L’attentato a Salman Rushdie è una sconfitta generale dell’Occidente. È una vergogna, una responsabilità collettiva che sia stato colpito dopo decenni di agguati lo scrittore più platealmente minacciato, da più tempo, con più pubblicità, con più violenza, con più ripetuta insolenza, con dichiarato spregio verso il diritto democratico fondamentale della libertà di espressione da parte della leadership di un Paese dell’Onu, l’Iran, e che è sempre stato complice nella condanna a morte di Rushdie.
Ci sono molte lezioni che non impareremo neppure questa volta e tuttavia è il caso di esprimerle chiaramente: la fatwa dell’ayatollah Khomeini il 14 febbraio 1989 che imponeva ai credenti musulmani di uccidere l’autore de I versi satanici, come sostennero molti clerici e politici iraniani, non è in realtà una fatwa, ordine religioso-politico che si conclude con la morte di chi l’ha promanata, ma un hukm, una scelta permanente, inequivocabile, un decreto che non può cambiare finché non viene eseguito.
Ci furono nel corso degli anni vari melensi strumentali distacchi del governo iraniano dalla fatwa. Anche Rushdie stesso volle crederci per un momento, ma la cifra della ricompensa (per carità, erogata da una fondazione «privata») crebbe a 3 milioni di dollari, e addirittura un’organizzazione di studenti piamente ne raccolse altri 330mila perché fosse più attraente, il Parlamento votò a maggioranza la sua permanenza.
La verità è che davvero l’Islam è una religione dalla lunga memoria, specie quando si tratta di attaccare il nemico. Quando parla e minaccia fa sul serio, quando dichiara intenzioni omicide segue la sua strada senza deviare per decenni. Non ha fretta. Gli esempi sono tanti, personali e politici: tutti ricordano l’omicidio del regista Theo Van Gogh che aveva osato fare un film sulla condizione della donna islamica. Tutti sanno che quando l’Iran minaccia Israele di distruzione finanzia davvero la Jihad islamica e gli Hezbollah e prepara l’atomica. L’Iran è un nemico molto serio e di lunga lena. Nel caso di Rushdie l’accanimento a uccidere ha avuto esplosioni drammatiche e cali di attenzione, ma chi doveva occuparsene ha seguitato a farlo.

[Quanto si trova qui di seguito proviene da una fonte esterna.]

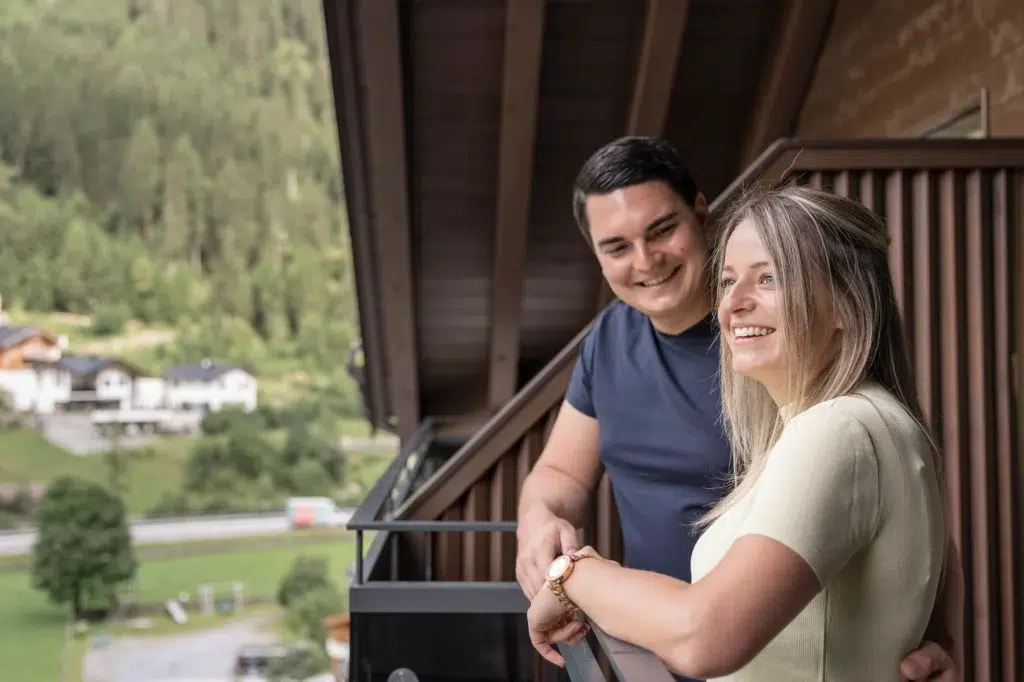 Lächelndes Pärchen auf einem Balkon, das die Aussicht genießt - Kaunertal Urlaub buchen für Erinnerungen.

Hanno scritto i due maggiori storici del Medio Oriente Bernard Lewis e Fouad Adjami che l’islam dopo la sua ascesa non ha mai potuto accettare il susseguirsi di una serie di sconfitte che considera ingiuste offese. L’Iran più di tutti i Paesi islamici si è assunto il ruolo di vendicatore, minaccia l’Occidente in maniera diretta e costante, si arma alla luce del sole minacciando di attaccarlo, dimostra con evidenti simboli come la persecuzione e l’attacco a Rushdie la sua corsa verso lo scontro. Quanto più piegheremo la testa, tanto più questo atteggiamento sarà esaltato alla ricerca di nuove soddisfazioni.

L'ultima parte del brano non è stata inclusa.